Using visuals and models to communicate cities or Urban Geography has its merits, BUT!

This post was originally on LinkedIn

A post about using Urban Rooms to communicate cities and Urban Geography was in my Twitter timeline earlier today. The basic concept of an Urban Room is where a room is set aside and a 3D model of a City is built with the public allowed in to view and comment on both the current state of the City and possible future urban projects to said City.

The adage of a picture speaks a thousand words is one thing while a model representation would speak even more given most humans are visual thinkers (that is pictures or models do a better job at explaining than just a wall-o-text on a PDF.

The post concerned was this one:

Urban rooms: where people get to design their city’s future

I have seen both the physical and simulated (was then Sim City 4 where as now it is Cities Skylines) versions of the Urban Room where Urban Geography was laid out for the general public. The good thing about Urban Rooms is that they make Urban Geography very accessible to those with or without access to the internet but there is that massive BUT!

Where is the Urban Room located?

That is fine doing an Urban Room for Auckland BUT we would need more than one as the City Centre would not simply cut it in terms of accessibility or equity.

Auckland is large and can be divided into four sub-regions (Central, West, North and South) with South Auckland the largest sub region in terms of population with Central Auckland or the Isthmus behind that. In terms of growth again the South is the fastest growing area with the Isthmus just squeaking in behind (Source: Auckland Transport Alignment Project 2018).
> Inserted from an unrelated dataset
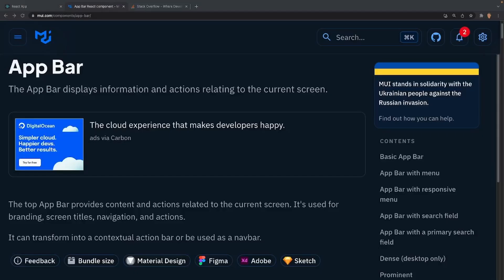I've opened up the documentation for app bar and I'm going to quickly run over it at a high level. Basically, according to Material UI, we can use an app bar for branding, screen titles, navigations, and certain actions.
Cross-city travel whether by car or transit is expensive and time consuming so building a single Urban Room in Auckland City Centre would deny access to easily 60% of the population (especially those without a car or on shift work).
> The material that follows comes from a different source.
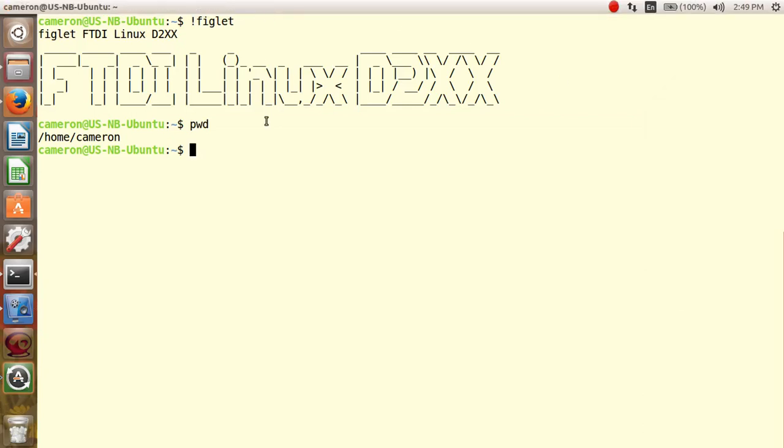Hello and welcome to the FTDI D2XX driver installation for Linux.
Given this issues pointed out by Radio NZ today (see below) denying 60% of the population access to being able to communicate their thoughts and ideas on Auckland’s Urban Geography is both not smart and also inequitable.
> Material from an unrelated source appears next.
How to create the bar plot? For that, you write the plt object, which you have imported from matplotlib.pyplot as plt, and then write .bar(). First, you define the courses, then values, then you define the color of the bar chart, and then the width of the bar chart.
White Noise in Auckland; how Auckland Council needs to be dynamic in reaching its citizens when talking Auckland Plan

How do we fix this? We have more than one Urban Room in Auckland each tailored to the specific sub region they represent. So one in Manukau for the South, one in Westgate for the West, one in Albany for the North and of course the City Centre as the central one. Westgate, Albany and Manukau are also Nodes under the Auckland Plan 2050 as well.

By having Urban Rooms in each of our Nodes representing their respective sub-regions then the entire population of Auckland is captured and can access this wonderful Urban Geography tool. It would also make consultations for things like the Auckland Plan much easier as well.

Remember that virtual urban rooms can also help express ideas as well as testing them as well especially as urban simulators become more advanced and accessible to every-day users: The Wayless Travel – the Trans-Manukau Link Road. Part Two with City Geometries #CitiesSkylines

In conclusion: yes Urban Rooms would be a great concept for a City as diverse as Auckland but please to make it accessible to all they need to be placed outside of the City Centre as well.